▸ TASK TO COMPLETE:
The data must be returned in full, with no character altered.

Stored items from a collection
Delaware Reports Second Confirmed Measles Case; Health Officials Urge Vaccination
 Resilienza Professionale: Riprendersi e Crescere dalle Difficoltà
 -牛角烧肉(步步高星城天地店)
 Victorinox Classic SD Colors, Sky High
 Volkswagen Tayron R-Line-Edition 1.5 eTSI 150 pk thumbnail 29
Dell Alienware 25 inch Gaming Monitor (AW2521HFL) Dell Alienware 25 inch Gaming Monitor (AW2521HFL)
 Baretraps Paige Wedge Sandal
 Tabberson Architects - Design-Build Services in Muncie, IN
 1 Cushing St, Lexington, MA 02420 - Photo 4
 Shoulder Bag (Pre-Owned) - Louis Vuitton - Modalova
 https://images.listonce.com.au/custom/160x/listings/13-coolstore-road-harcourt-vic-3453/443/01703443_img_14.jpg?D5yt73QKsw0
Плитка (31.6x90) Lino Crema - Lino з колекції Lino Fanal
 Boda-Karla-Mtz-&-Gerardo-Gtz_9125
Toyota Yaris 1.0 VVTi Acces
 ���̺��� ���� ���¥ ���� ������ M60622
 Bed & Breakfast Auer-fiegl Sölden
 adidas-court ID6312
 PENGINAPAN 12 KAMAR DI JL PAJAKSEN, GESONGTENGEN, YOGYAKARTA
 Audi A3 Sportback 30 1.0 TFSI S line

▸ SOLUTION FOR THIS EXERCISE:
Delaware Reports Second Confirmed Measles Case; Health Officials Urge Vaccination
 Resilienza Professionale: Riprendersi e Crescere dalle Difficoltà
 -牛角烧肉(步步高星城天地店)
 Victorinox Classic SD Colors, Sky High
 Volkswagen Tayron R-Line-Edition 1.5 eTSI 150 pk thumbnail 29
Dell Alienware 25 inch Gaming Monitor (AW2521HFL) Dell Alienware 25 inch Gaming Monitor (AW2521HFL)
 Baretraps Paige Wedge Sandal
 Tabberson Architects - Design-Build Services in Muncie, IN
 1 Cushing St, Lexington, MA 02420 - Photo 4
 Shoulder Bag (Pre-Owned) - Louis Vuitton - Modalova
 https://images.listonce.com.au/custom/160x/listings/13-coolstore-road-harcourt-vic-3453/443/01703443_img_14.jpg?D5yt73QKsw0
Плитка (31.6x90) Lino Crema - Lino з колекції Lino Fanal
 Boda-Karla-Mtz-&-Gerardo-Gtz_9125
Toyota Yaris 1.0 VVTi Acces
 ���̺��� ���� ���¥ ���� ������ M60622
 Bed & Breakfast Auer-fiegl Sölden
 adidas-court ID6312
 PENGINAPAN 12 KAMAR DI JL PAJAKSEN, GESONGTENGEN, YOGYAKARTA
 Audi A3 Sportback 30 1.0 TFSI S line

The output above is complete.